Those who read my reviews know that nonfiction books are not my thing, but I agreed to read The New Jim Crow so that we could discuss it.
Her primary reaction to the book appeared to me to focus on mass incarceration than the racial aspects of the book. My reaction was mixed. As a former student in the social sciences, I was well aware of the idea that African-Americans are over represented in the prison system. I was hoping to read a discussion of that phenomena and ways to change it. What I felt I got was a tired rehash of the history of how blacks (the author uses that identifier so I guess I can too) have been incarcerated in vast numbers. I don't dispute that claim, but the author wrote in a way that made her points difficult to understand at times. For instance she talks quite a bit about how affirmative action has not really been as helpful as intended though she benefited from the policy. She alluded to such policies actually keeping people of color oppressed.Then she calls for more government regulation into hiring and such. It seems that she is actually calling for people of color to be further under governmental control to free them from governmental control.

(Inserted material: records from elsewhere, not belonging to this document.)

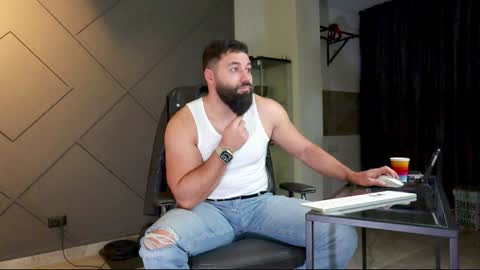 Snapshot of glennmasters chatting on January 2025 04:47:01 AM Matthew .. for short call me Matt online show from January 2025 04:47:01 AM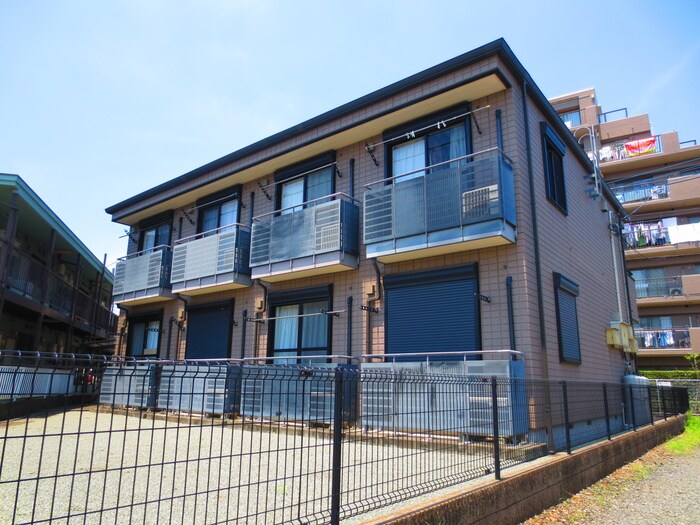 レヴァンテの物件外観写真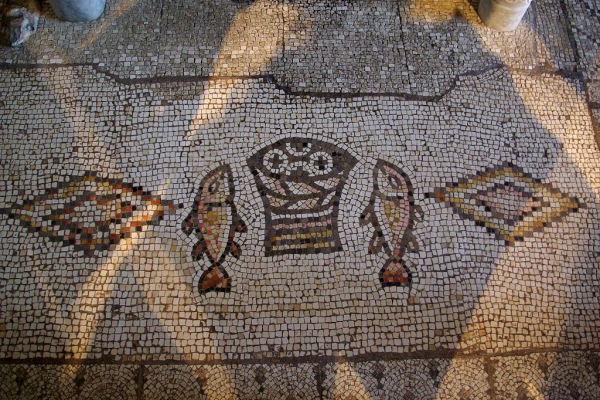 TIBERIADE - Mosaico Moltiplicazione dei Pani e Pesci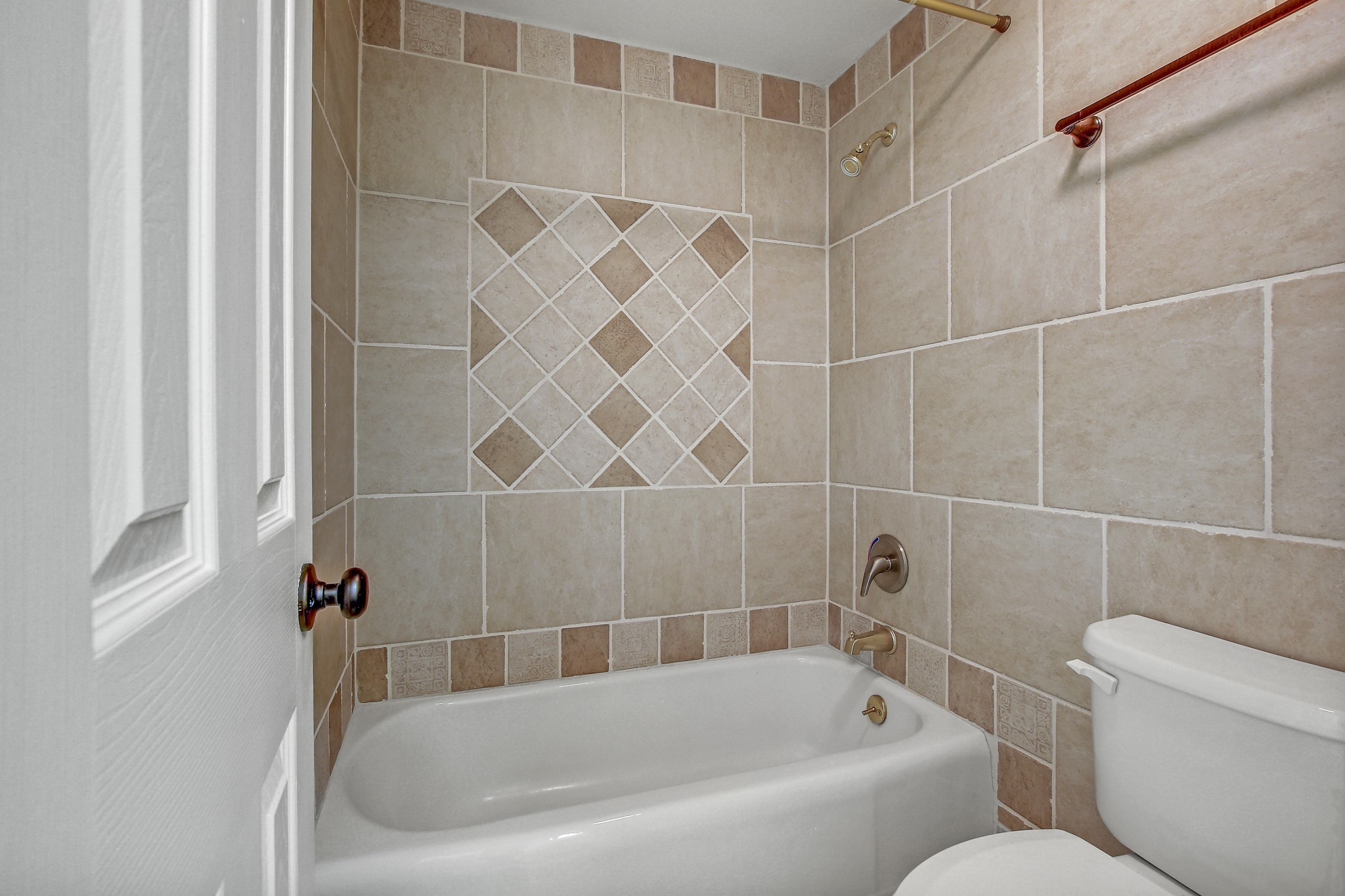 1801 Lavaca Street, Unit 5F Austin, TX 78701 - Photo 12 of 37 a bathroom with toilet next to a tub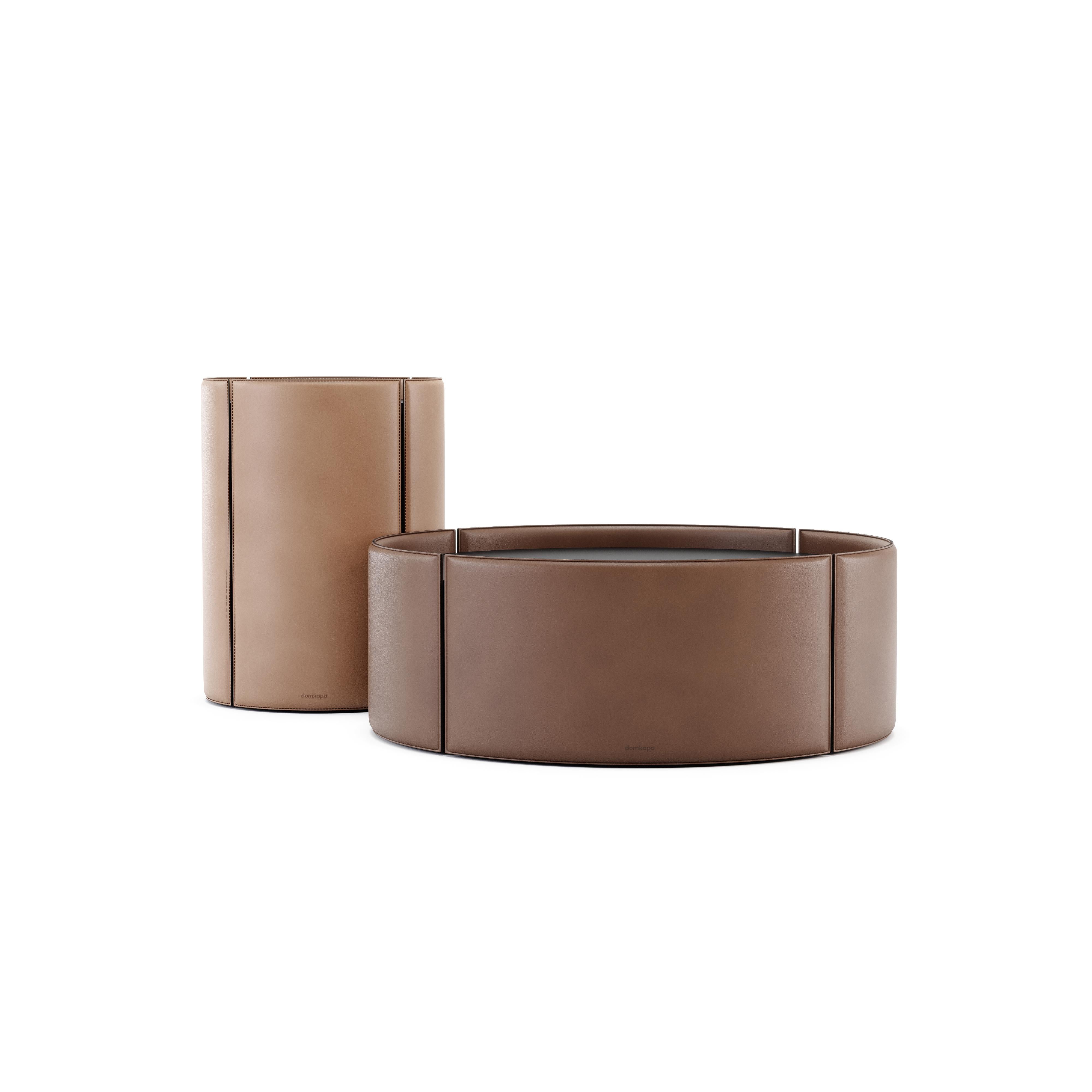 Ein Paar anpassbare runde Beistelltische aus Leder für das Design (Moderne) im Angebot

The most disappointing aspect of this book (and others like it)? The complete lack of attention to a very basic point. In the case of mass incarceration perhaps if we encouraged people to not commit the crimes in the first place, incarceration would be less of a concern. Length of sentencing based on ethnicity may well be a provable fact and surely needs attention and reform. But no mention of refraining from criminal behavior is just sad. As a student I disagreed with the notion that poor socio-economic status led to more crime. Not that it doesn't show statistically, but being poor is not an excuse. Wrong is wrong, illegal is illegal, I believe there are many more honest people who are economically disadvantaged than there are criminals.
What we have here is a book which takes a huge, complex social problem and tries to reduce it to race and money. The problem involves so many more components that it is difficult to address in a single book. I my opinion this book misses all the way around.